All the events, except the opening and the finale were brilliant examples of “pas de deux” from a wide history of that unique ballet form. From the early 19th century “La Sylphide” to a premiere of “Letting Go”…from the “Bluebird” (excerpt from the season’s opening “The Sleeping Beauty,” to this. year’s “Children of Chaos,” the company’s leading dancers displayed their wide variety of skills in the many textures these works demand.
I was particularly delighted with Frances Chung and Joseph Walsh in “Children of Chaos“, (music by John Kamel Farah, choreographer by Robert Binet). The work was premiered last year in Toronto, Canada. Chung is an exquisite lyrical dancer; Walsh is a major dancer and a great partner. The two created a magical movement quality, a unique dimension of contemporary ballet. I hope we can see the entire work on another program.

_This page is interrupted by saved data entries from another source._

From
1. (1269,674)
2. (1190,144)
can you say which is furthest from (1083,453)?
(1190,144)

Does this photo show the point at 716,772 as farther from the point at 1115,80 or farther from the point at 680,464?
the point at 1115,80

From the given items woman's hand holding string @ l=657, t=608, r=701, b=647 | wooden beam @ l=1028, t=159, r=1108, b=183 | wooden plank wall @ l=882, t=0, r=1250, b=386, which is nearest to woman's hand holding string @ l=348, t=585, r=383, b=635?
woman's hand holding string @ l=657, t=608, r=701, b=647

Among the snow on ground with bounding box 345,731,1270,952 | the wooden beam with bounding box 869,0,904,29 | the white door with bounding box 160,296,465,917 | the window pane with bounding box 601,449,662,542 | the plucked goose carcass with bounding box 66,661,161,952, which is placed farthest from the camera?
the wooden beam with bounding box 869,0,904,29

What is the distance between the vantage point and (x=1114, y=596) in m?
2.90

Sometimes, the oldest is also best. Maria Kochetkova and Ulrik Birkkjaer danced the 1936 Bournonville pas de deux for “La Sylphide,” probably one of the earliest fantasy ballets ever created. In those days Scotland was an exotic place for sylphs. We were able to see how ballet energy, style and range of movement has changed, comparing “La Sylphide” to the energetic, lively “Stars and Stripes” (Balanchine, Kay) of 20th Century dance. Kochetkova captured the magic of the sylph; Birkkjaer was drama of the infatuated Scotsman, while Ana Sophia Scheller and Vitor Luis tore through Balanchine’s 1958 work like soldiers on parade.
Sasha De Sola and Angelo Greco danced the 1899 Petipa “Le Corsaire,” and Yuan Yuan Tan and Caro Di Lanno performed the recent Liang/Richter work “Letting Go.” Again it was admirable to see and contrast the history of ballet style through the centuries.

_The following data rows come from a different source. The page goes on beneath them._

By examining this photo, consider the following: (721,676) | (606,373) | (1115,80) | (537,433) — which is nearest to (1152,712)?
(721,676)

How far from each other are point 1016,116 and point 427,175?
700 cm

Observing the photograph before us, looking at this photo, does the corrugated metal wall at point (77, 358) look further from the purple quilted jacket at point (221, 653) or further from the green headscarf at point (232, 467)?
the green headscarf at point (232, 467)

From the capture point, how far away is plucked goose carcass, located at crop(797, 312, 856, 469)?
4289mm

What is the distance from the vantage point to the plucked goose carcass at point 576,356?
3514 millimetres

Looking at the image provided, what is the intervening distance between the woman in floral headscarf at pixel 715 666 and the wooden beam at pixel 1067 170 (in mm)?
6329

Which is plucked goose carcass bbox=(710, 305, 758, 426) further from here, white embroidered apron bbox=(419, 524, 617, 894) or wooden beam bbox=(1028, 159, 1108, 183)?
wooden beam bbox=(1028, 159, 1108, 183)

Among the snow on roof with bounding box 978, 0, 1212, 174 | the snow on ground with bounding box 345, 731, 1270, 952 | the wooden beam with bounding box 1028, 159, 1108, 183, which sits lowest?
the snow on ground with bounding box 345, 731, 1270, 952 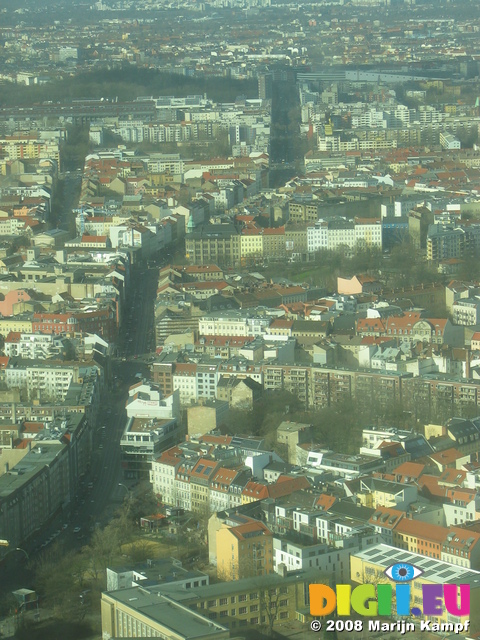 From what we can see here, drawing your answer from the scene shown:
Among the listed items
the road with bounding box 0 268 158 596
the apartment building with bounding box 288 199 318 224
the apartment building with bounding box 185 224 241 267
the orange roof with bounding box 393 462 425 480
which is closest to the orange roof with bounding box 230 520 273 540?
the road with bounding box 0 268 158 596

Since this is a centenary of Jerome Robbins’ ballets, it was delightful to see “In the Night.” performed by six dancers, Mathilde Froustey, Benjamin Freemantle, Jennifer Stahl, Tiit Helmets, Sarah Van Patten and Luke Ingham. Roy Bogas, as usual, played the Chopin admirably. Although we remember the jazzy work of Robbins, in this ballet, he is at his lyrical best.

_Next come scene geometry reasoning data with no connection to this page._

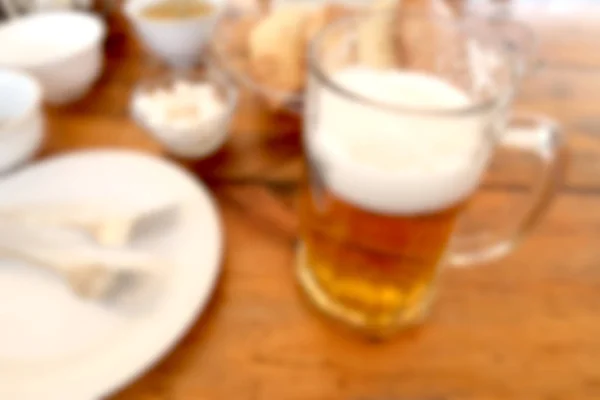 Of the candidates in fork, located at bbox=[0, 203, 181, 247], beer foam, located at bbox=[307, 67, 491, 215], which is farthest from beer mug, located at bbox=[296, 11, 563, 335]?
fork, located at bbox=[0, 203, 181, 247]

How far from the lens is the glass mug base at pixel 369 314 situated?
417 millimetres

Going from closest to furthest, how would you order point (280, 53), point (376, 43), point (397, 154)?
1. point (397, 154)
2. point (376, 43)
3. point (280, 53)

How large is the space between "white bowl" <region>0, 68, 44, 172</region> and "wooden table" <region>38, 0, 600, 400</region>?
36mm

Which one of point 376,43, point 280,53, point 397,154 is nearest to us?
point 397,154

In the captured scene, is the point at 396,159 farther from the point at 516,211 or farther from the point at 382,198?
the point at 516,211

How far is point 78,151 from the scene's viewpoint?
0.55 m

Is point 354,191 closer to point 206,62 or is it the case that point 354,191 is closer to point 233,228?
point 233,228

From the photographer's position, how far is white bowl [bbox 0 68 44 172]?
516mm

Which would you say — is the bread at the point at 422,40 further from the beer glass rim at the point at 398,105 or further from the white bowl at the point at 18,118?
the white bowl at the point at 18,118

The program opened with “Little Waltz” danced by Students of the San Francisco Ballet School. It was a charming introduction to those future performers. The finale was Justin Peck’s “Rodeo: Four Dance Episodes” which we will see again later this season. The work uses the glorious talents of the men dancers of the company; Sofiane Sylve was the solo ballerina.
It was a triumph.
The “Celestial“ Gala evening brought the splendid audience much delight. It will be an exciting 2018 season with both historical memories and “Unbound” new works.